According to general manager Mark Goodman, the expert in the ancient Chinese art of room arranging had helped tone down the minimalist inclinations of CDP. "We didn't want to be too austere," he says, "so we have worked with them on softening the approach by using warmer colours than they might have chosen, like denim coverings for the beds, with deep orange throws."

Both One Aldwych and Myhotel would say they are not boutique or townhouse hotels on the basis that their hotels have more facilities, but the fact that they are privately owned and are representative of the vision of their owners, as well as their promise of a high degree of personal service to guests, does mean they have much in common with this sector.

At Myhotel, for example, Goodman envisages that guests will be able to go to one person to be checked in, change money and order theatre tickets, rather than have to call on different people for different tasks.

Avoiding intimidation

Campbell Gray promises unpretentious service at One Aldwych. While he is loath to pass any negative comments on London rivals, he is scathing about the "snobbism of older hotels". He says: "They make people feel intimidated. Staff have a superior air to guests and, for some people, it's all a bit threatening. There is no place for that here."

Given such new competition as One Aldwych and Myhotel, David Naylor Leyland, owner of three traditional-style townhouse hotels in London - Dukes, the Egerton and the Franklin - believes there is plenty of room for all styles of hotel in the city. "We are all appealing to people towards the top of the spending tree, so to speak, and the more good hotels there are, the more choice they will have," he says.

"Some people like contemporary hotels, some don't. There is a strong, vibrant market for both, and to say that either is dying or a passing trend is to miss the point."
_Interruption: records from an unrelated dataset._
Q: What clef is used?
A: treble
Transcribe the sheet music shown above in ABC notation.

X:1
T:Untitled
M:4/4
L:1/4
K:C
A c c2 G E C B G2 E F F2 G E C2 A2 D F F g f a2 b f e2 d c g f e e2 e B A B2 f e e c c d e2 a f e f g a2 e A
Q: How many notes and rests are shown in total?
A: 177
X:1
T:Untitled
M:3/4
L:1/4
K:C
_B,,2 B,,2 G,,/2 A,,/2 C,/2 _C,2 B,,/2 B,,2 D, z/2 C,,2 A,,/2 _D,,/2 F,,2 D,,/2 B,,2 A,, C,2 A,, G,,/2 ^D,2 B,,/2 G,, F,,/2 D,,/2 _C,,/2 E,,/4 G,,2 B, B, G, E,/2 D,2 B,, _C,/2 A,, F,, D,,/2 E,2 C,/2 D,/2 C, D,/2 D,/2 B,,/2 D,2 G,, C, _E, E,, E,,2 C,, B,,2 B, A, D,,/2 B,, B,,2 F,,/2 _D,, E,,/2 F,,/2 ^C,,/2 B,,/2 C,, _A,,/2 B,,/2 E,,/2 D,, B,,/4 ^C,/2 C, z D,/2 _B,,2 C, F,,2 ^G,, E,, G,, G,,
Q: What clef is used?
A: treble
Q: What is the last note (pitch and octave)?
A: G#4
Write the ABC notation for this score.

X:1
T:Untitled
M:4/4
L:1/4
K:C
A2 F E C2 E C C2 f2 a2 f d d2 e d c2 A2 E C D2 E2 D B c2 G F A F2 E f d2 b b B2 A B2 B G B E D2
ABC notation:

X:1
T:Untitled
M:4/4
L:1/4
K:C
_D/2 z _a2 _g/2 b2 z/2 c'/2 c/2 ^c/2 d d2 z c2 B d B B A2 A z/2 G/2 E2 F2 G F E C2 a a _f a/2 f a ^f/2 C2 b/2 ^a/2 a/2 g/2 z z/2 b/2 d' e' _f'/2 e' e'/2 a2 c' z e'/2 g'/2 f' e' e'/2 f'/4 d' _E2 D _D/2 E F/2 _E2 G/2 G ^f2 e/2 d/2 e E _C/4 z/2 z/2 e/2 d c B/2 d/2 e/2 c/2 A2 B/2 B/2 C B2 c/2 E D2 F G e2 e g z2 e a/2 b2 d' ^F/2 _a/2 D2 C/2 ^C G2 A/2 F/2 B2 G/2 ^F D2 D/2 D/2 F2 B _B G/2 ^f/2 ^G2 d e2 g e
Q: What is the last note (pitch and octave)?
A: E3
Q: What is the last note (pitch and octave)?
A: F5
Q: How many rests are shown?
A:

In the meantime, there may be another threat on the horizon. Trendy New York hotelier Ian Schrager, in partnership with the Burford Group, is slowly working towards a spring 1999 opening for his first two London hotels, the St Martin's Lane and the Sanderson in Soho. Caterer contacted Schrager's New York office, which refused to comment on the development. But with so much discussion on the time it has taken Schrager to hit these shores, it's clear that his arrival is not going to go unnoticed.